» ABOUT THIS EXERCISE
Reproduce only this stretch of the listing below: from the line with "Turquoise & Sterling" through the line with "Oval Dining Table", exactly as written, with pictures excluded.

» MATERIAL FOR THIS TASK
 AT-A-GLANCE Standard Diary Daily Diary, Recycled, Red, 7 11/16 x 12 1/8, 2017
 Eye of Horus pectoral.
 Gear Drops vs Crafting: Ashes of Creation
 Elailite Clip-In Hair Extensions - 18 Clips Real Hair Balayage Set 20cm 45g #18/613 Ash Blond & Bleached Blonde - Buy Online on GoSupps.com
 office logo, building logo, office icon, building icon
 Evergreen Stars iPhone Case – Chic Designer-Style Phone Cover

---

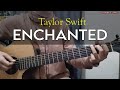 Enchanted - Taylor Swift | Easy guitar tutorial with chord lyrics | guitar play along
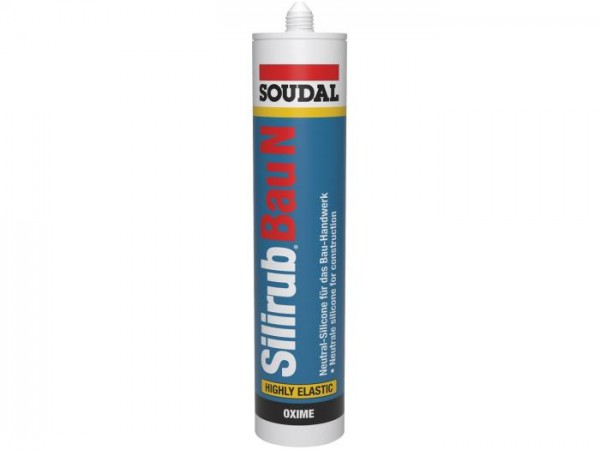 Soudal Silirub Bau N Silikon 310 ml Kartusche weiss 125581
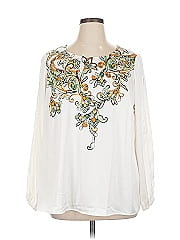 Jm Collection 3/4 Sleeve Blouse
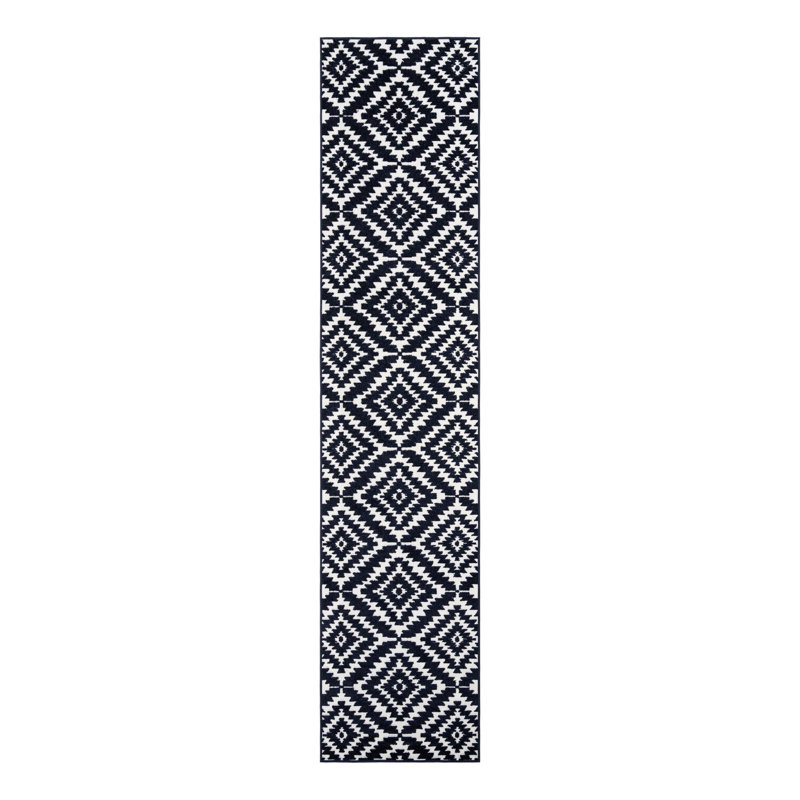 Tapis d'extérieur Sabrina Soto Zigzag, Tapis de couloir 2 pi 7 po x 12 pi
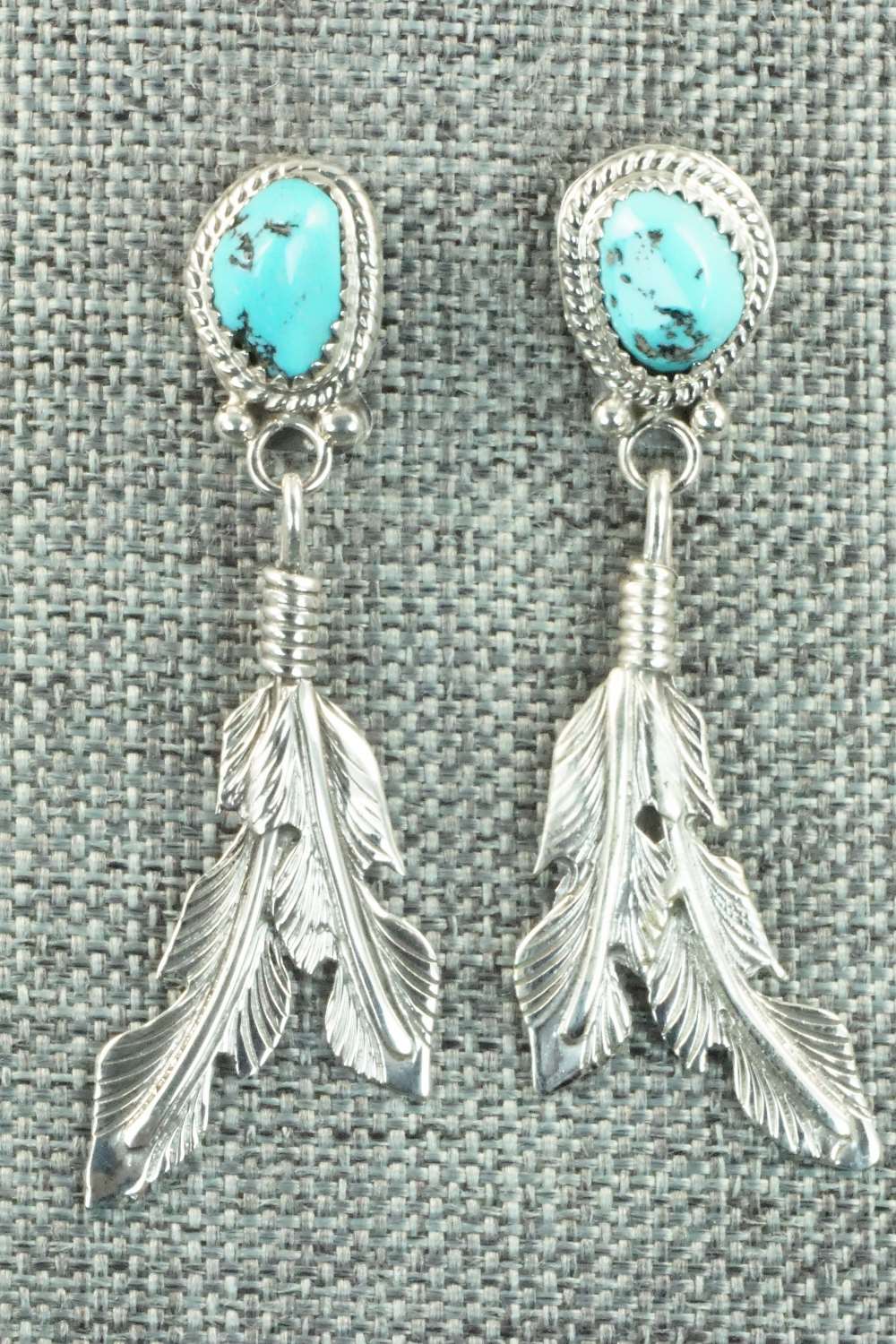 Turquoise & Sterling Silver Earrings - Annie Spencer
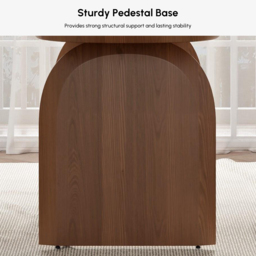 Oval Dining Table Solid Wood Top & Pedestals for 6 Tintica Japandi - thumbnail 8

» ANSWER AREA
 Turquoise & Sterling Silver Earrings - Annie Spencer
 Oval Dining Table Solid Wood Top & Pedestals for 6 Tintica Japandi - thumbnail 8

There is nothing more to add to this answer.